Has anyone here planted winter hardy pecan or almond trees? If so, was it a sucess? I live in Norther Indiana and some maps list this region as zone 5 and others list it as zone 6. Either way most online sellers/nusery oufits claim that their trees can withstand up to -20 cold. I'm also interested in planting some carpathian walnut and butternut trees. Any advise would be appreciated. JJuday


----------



## S Mc (Apr 21, 2010)

Below is a quote from Floridata.com regarding pecan trees, Carya illionensis: "Hardiness: USDA Zones 5 - 9. There are cultivars developed specifically for zone 5 that can produce ripe nuts as far north as Ontario, and cultivars for the deep south that require 9 months to mature a crop."

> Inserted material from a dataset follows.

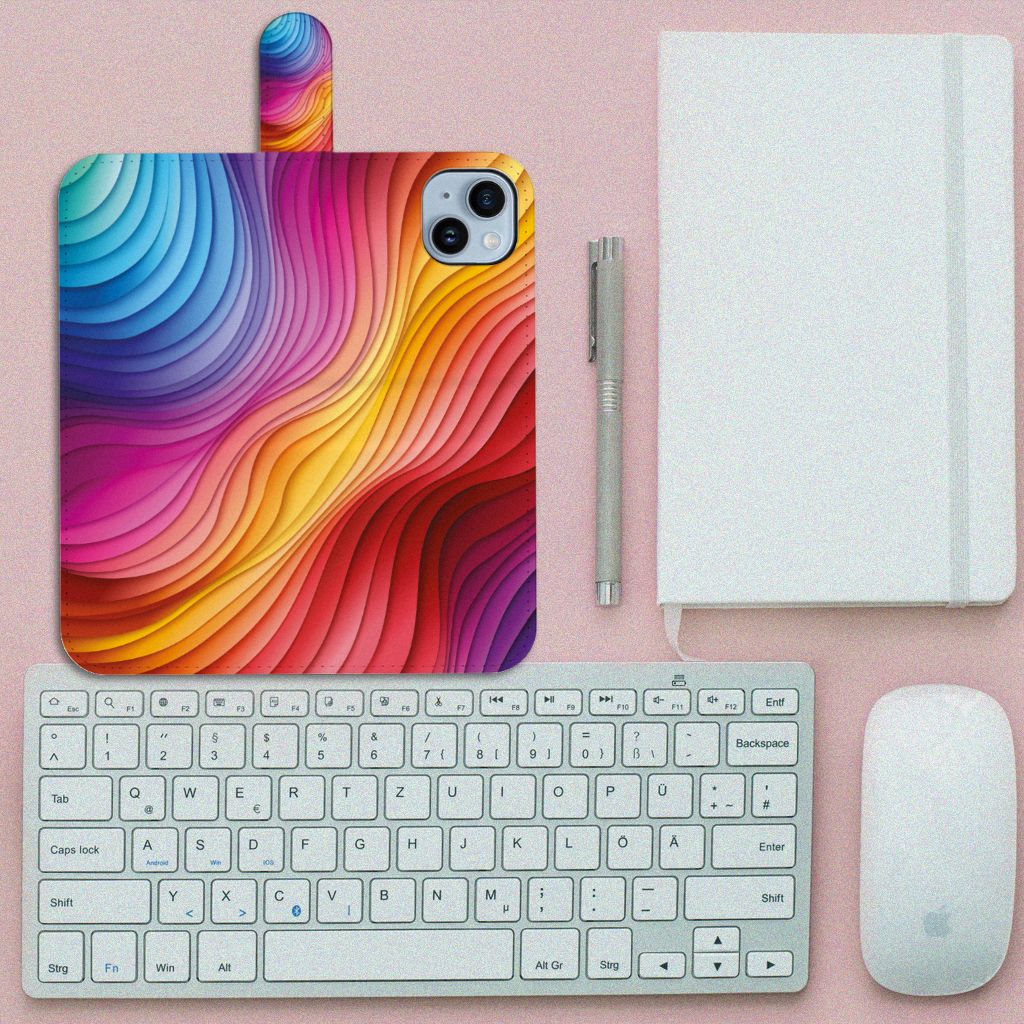 Book Case voor iPhone 15 Plus Regenboog met kleurrijk ontwerp en golfpatronen đ op bureau met toetsenbord.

And, as with any tree, it is imperative you know where the seed stock originates from as it can/will be the difference between success and failure.

We are in a zone 4/5 area and there are many butternut trees, Juglans cinerea. However, you are within their native range and there is a virulent canker that is, allegedly, wiping them out in native areas. So that may not be the best choice for long term success.

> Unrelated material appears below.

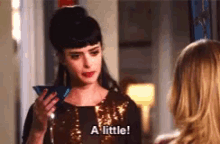 a woman is holding a martini glass and says a little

I do not have any experience with the Carpathian walnut, a hybrid of Juglans nigra (black walnut) and J. regia (English walnut), but would suspect a better winter hardiness than the English. 

The bottom line here is check for seed stock origin. Ask specifically where they are from, don't just settle for a generic "Oh, yeah, they'll do fine."

Sylvia


----------



## JJuday (May 2, 2010)

Thanks for the info. Even though I am in the native range I have never laid eyes on a Pecan tree around here. I have seen some in south central Ill. and IN, but not this far north. That's not to say that if I planted one it wouldn't grow, but no natural ones are around us. Which could be a great thing espically if there is a blight then there would be less likelyhood of catching something. Good points to ponder on, thanks again, JJuday.


----------